Fachbereich Veterinärmedizin



    The ruminal anion channel: a pathway for the efflux of SCFA (2009)

    XIth International Symposium on Ruminant Physiology
    Clermont-Ferrand/Frankreich, 05. – 09.09.2009
    XIth International Symposium on Ruminant Physiology
    Wageningen, The Netherlands: Wageningen Academic Publishers, 2009 — S. 366
    ISBN: 978-90-8686-119-4
    Institut für Veterinär-Physiologie

    Oertzenweg 19 b
    14163 Berlin
    Tel.+49 30 838 62600 Fax.+49 30 838-62610

    Abstract / Zusammenfassung

    Rapid absorption of SCFA from the rumen is of crucial importance for the prevention of ruminal acidosis, but our understanding of the absorptive pathway is incomplete. Uptake of SCFA leads to a stimulation of sodium absorption via NHE (Gäbel et al., 1991), suggesting that SCFA acidify the intraepithelial space either by uptake of the undissociated SCFA, or via exchange of the anion for HCO3- (Aschenbach et al., 2009). Conversely, basolateral efflux of acetate probably occurs through a recently characterized large conductance anion channel (Stumpff et al., 2009) that has previously been postulated to mediate efflux of chloride (Sehested et al., 1999; Leonhard-Marek et al., 2006). However, acidification of the ruminal epithelium by SCFA has never been directly demonstrated, and the basolateral efflux pathway for SCFAs other than acetate remains unclear. In the current study, the response of intraepithelial pH to the application of SCFA was studied in the intact tissue using pH sensitive microelectrodes.

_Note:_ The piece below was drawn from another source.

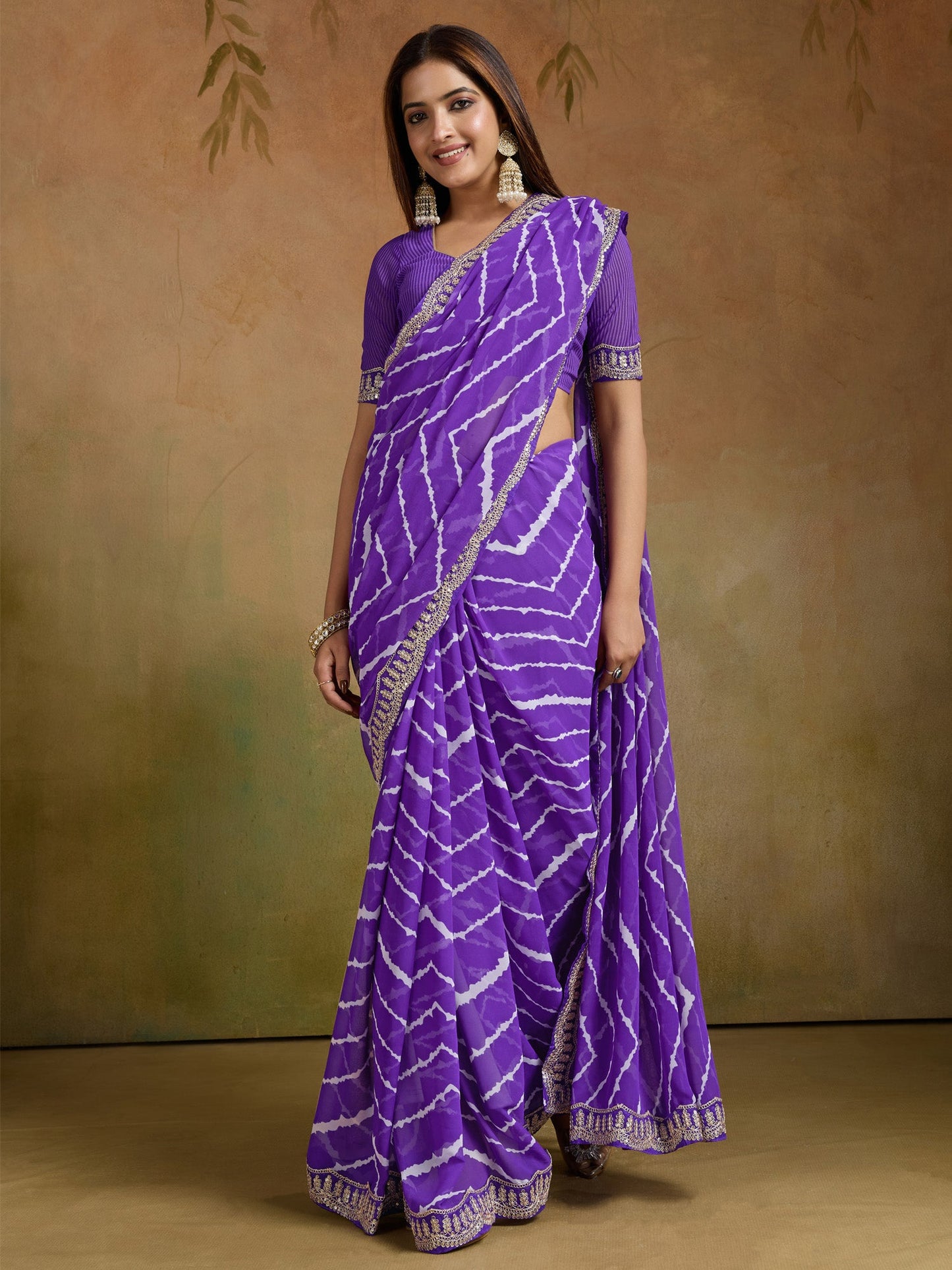 Women's Georgette Red Printed Designer Saree With Blouse Piece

The permeability of the anion channel for propionate was studied on isolated cells from the ruminal epithelium using the patch clamp technique.
    The microelectrode experiments confirm the presence of an apical pH microclimate within the stratum corneum and the acidifying effects of SCFA as suggested previously (Gäbel et al., 1991). The patch clamp data show that the ruminal anion channel conducts not only acetate as recently reported (Stumpff et al., 2009), but also propionate. We suggest that in the intact tissue, this channel is basolaterally located and mediates efflux of anions such as chloride, acetate and propionate, driven by the potential generated by the Na+-K+-ATPase. This mechanism should be helpful in maintaining cellular volume and thus, contribute to the ability of the ruminal epithelium to absorb SCFA.